One of the most popular myths I hear in real estate is that wholesalers need cash buyers to complete a deal. While I must admit, closing a transaction with all cash is undoubtedly quicker in most cases, the reality is that many super-profitable transactions get ignored simply because the buyer is not using cash.
In most cases, it’s the disclosure of the wholesaler’s fee that brings forth this false belief. When advised of something they don’t understand, Lenders, Realtors, and title companies sometimes stomp on the brakes halting the transaction progress.
The simplest way to avoid the drama of having a deal go sideways over your fee is begin with a stable relationship with your buyer. When you invest time getting to know them and understand their needs, transactions will go much smoother for you. Buyers work with wholesalers to simplify the acquisition process, saving them considerable amounts of time and marketing costs. Therefore, when you build a mutually beneficial relationship with them, everyone wins.

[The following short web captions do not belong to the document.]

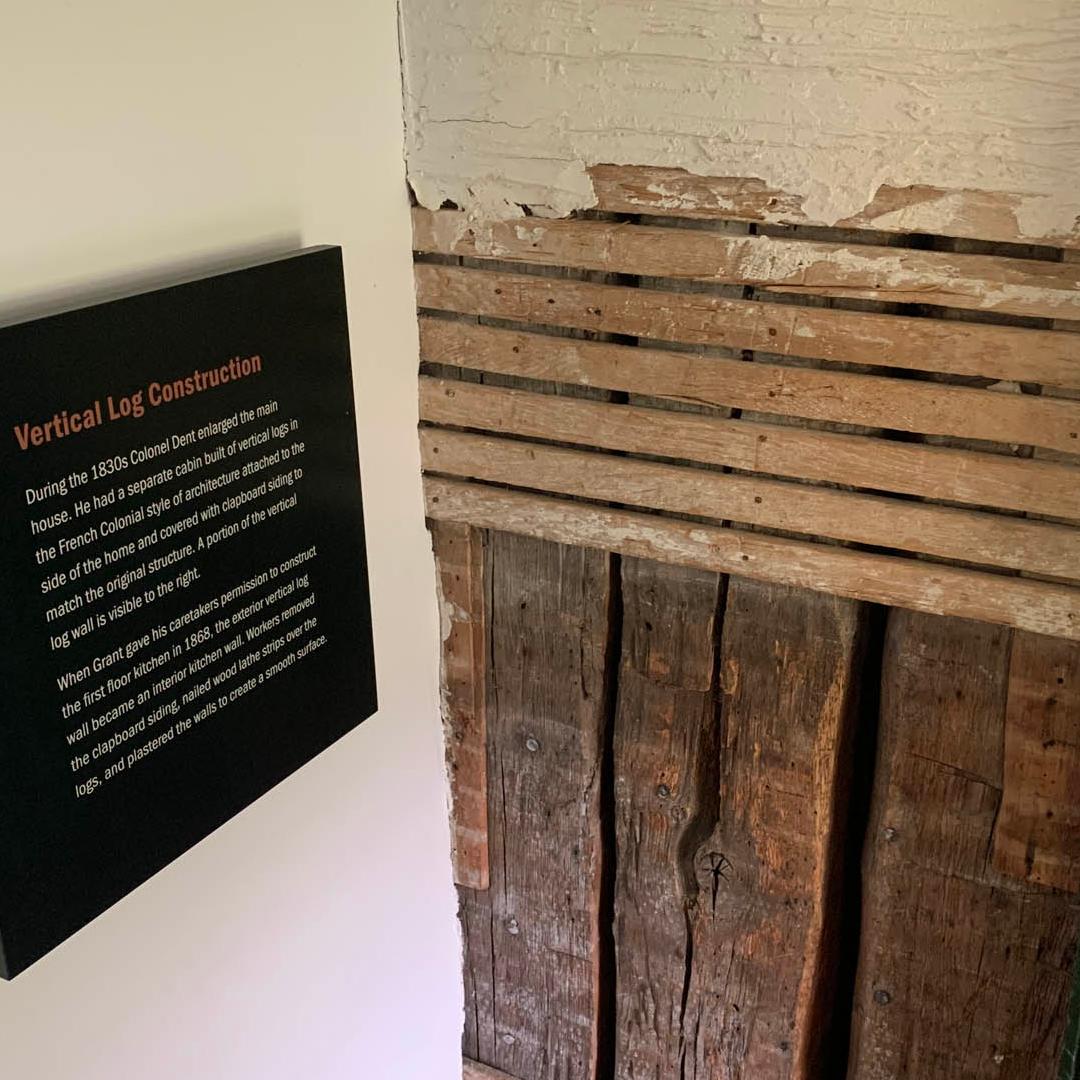 (Vertical log construction)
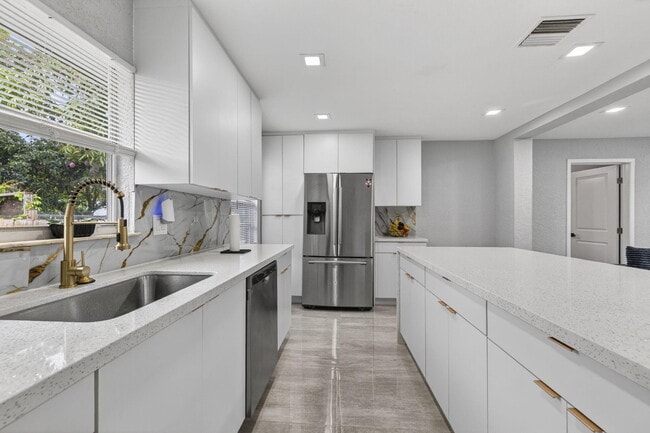 Photo - 800 NW 6th Ave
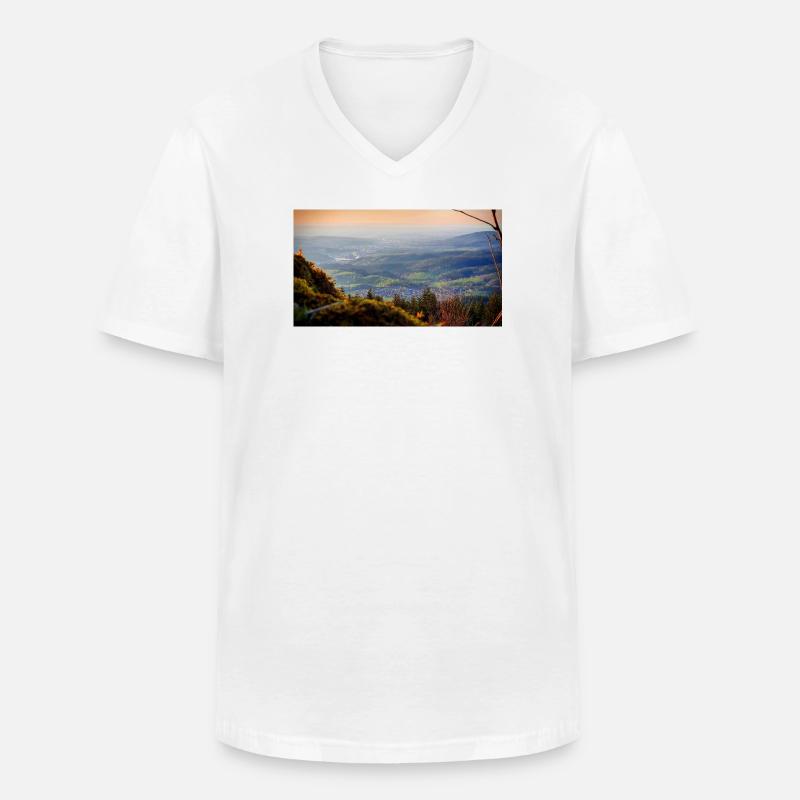 Abendpanorama Berglandschaft - Männer-T-Shirt mit V-Ausschnitt - Weiß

In my previous episode, I discussed the practice of finding houses for buyers, not the other way around. With this arrangement, your fee is covered by the buyer, not the seller. Such a format removes the seller’s opportunity to object to your compensation since they are not responsible for paying it.
Traditionally wholesalers tend to be paid at closing, which means their fee is on the closing disclosure. Having the wholesale fee on the closing statement can be a red flag for title insurance issuers and lenders; instead, draft a separate agreement between you and the buyer, which breaks down the amount of your compensation and how it will be paid to you.
You can still be paid at closing by the buyer, and such an arrangement does not need to involve the closing agent. Additionally, you can collect a portion of your fee (or all of it) when you sign the assignment agreement and the buyer.
Another solution (and my favorite one) is to accept monthly payments over time with interest added. I offer this to my buyers because it means much less cash out of pocket when buying the property. Such an arrangement means they have more capital available to renovate the home to prepare for resale or rental. Its good practice to draft a note and mortgage outlining the terms and conditions agreed upon with the buyer. Once the paperwork is signed, the mortgage should be recorded against the deed so that the loan is collateralized.
By accepting payments; you create a stream of income for yourself while earning interest on the unpaid principal balance.
The truth is that many buyers who are considered “cash buyers” use loans such as home equity or cash-out refinances against other properties they own to borrow the cash they need to buy the wholesale deal in the first place. How many more transactions could you close if the buyer could use a bank loan to buy the property? Could more deals get done if you remove all of the roadblocks?
Fact: Wholesalers who learn how to employ creative acquisition options earn far more money than those who only limit themselves to dealing with cash buyers only.